Ne cherchez pas dans les manuels de biologie une définition universelle de la première semaine de grossesse : la réalité dépasse souvent les évidences. L’aventure démarre discrètement, bien avant les indices familiers, et parfois, sans le moindre signe avant-coureur. Pourtant, dès ces premiers jours, tout se met en place pour une transformation silencieuse.
Comment déterminer le début réel de la grossesse ?
Une grossesse s’étend sur 280 jours à partir du premier jour des dernières règles, soit environ 266 jours à compter de l’ovulation. Mais pour identifier précisément votre première semaine de grossesse, deux méthodes coexistent : les semaines de grossesse (SG) et les semaines d’aménorrhée (SA).
Semaines de grossesse : le repère de l’ovulation
La semaine de grossesse débute traditionnellement au moment de l’ovulation. Prenons un cas concret : si l’ovulation se produit un 14 juillet, la date prévue de l’accouchement tombe le 14 avril suivant, soit 39 semaines plus tard. La 39e semaine s’étire alors du 7 au 14 juillet, et la toute première va du 14 au 21 juillet. Un calendrier simple pour celles qui connaissent précisément leur date d’ovulation.
Semaines d’aménorrhée : s’appuyer sur le cycle menstruel
Mais la régularité n’est pas la règle pour toutes. Beaucoup de femmes constatent des cycles irréguliers, ce qui modifie le jour de l’ovulation d’un mois à l’autre. Dans ce cas, on se base sur le premier jour des règles, bien avant la fécondation. Cette méthode, dite du calcul des semaines d’aménorrhée (SA), intègre deux semaines « d’avance » sur la fécondation réelle. À noter : aménorrhée signifie absence de règles, une réalité dès qu’une grossesse démarre.

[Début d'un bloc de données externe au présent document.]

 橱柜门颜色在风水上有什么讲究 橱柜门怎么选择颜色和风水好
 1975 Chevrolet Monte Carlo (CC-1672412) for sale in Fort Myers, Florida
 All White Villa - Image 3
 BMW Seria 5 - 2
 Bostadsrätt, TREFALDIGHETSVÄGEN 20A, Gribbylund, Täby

Pour estimer la date de début de grossesse, il suffit de retirer deux semaines à votre nombre de SA, ou d’utiliser directement le calcul en semaines de grossesse. Ainsi, 3 semaines d’aménorrhée correspondent à la première semaine de grossesse.

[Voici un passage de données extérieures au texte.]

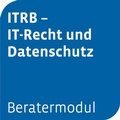 Cover: Beratermodul ITRB - IT-Recht und Datenschutz - Otto Schmidt Verlag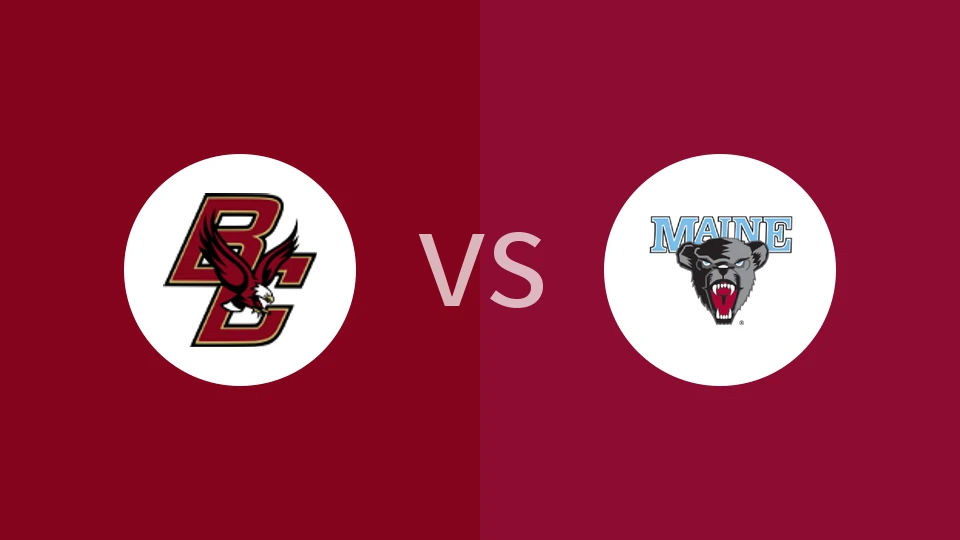 【WNCAA】波士顿大学女篮vs缅因女篮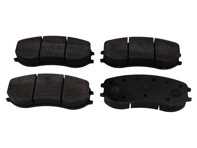 适用于保时捷 991 GT3 Cup / Cayman GT4 Clubsport 的 PFC Sprint 比赛前刹车片 - 7968.11.28.44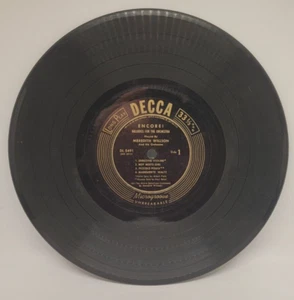 Meredith Wilson Encore! Melodies For The Orchestra LP Shellac Record DL5491 - Picture 1 of 4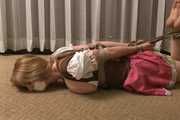 Hogtied BeerGirl - Big Boobed Lorelei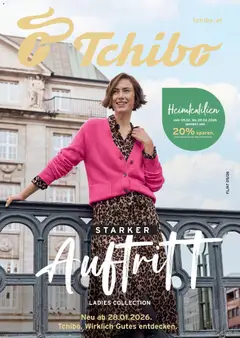 Tchibo Eduscho - Tchibo Magazin ab 28.01.2026 gültig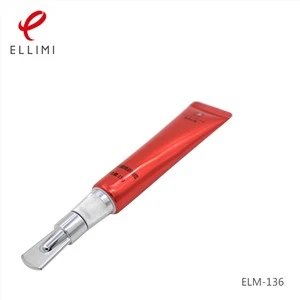 Aluninum Cosmetic Packaging Tube For Eye Cream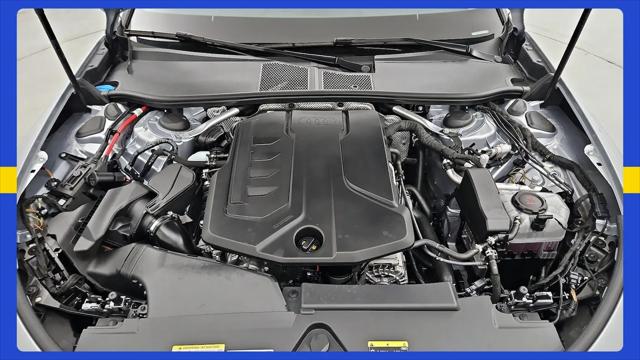 2025 Audi A5 Premium TFSI quattro S tronic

Repérer les tout premiers symptômes
La première semaine passe souvent inaperçue. Aucune révolution physique, aucun bouleversement immédiat à signaler. Pour la plupart, la seule modification perceptible pourrait être une sensibilité accrue des seins, mais rien de spectaculaire. Les signes plus nets attendront encore quelques jours.
Par ailleurs, les pertes blanches peuvent attirer l’attention. Leur quantité augmente et leur texture change légèrement, signe que le corps commence à réagir aux bouleversements hormonaux du cycle. Si ces pertes évoluent, c’est une première alerte, bien que discrète.
Au stade de la première semaine, on ne parle pas encore de fœtus. Le terme juste, c’est morula : l’œuf fécondé ressemble davantage à une petite grappe de cellules, rien de plus. Cette morula met environ quatre jours pour rejoindre l’utérus via les trompes de Fallope : c’est la fameuse migration. Une fois arrivée, elle s’accroche à la paroi utérine, c’est l’étape cruciale de la nidation. Huit jours après la fécondation, c’est à ce moment précis que l’hormone HCG entre en scène. Elle stimule la production de progestérone et d’œstrogène, qui commencent à bouleverser la physiologie et même l’état émotionnel.
À ce stade, la plupart des femmes ne ressentent quasiment rien. Et inutile de se précipiter en pharmacie : il est encore trop tôt pour qu’un test de grossesse détecte l’hormone HCG, absente ou trop faible pour révéler quoi que ce soit.
La première semaine de grossesse, c’est un peu comme une pièce qui se joue sans spectateur. Tout se prépare en coulisses, loin des projecteurs, avant que la suite de l’histoire ne vienne bousculer le quotidien.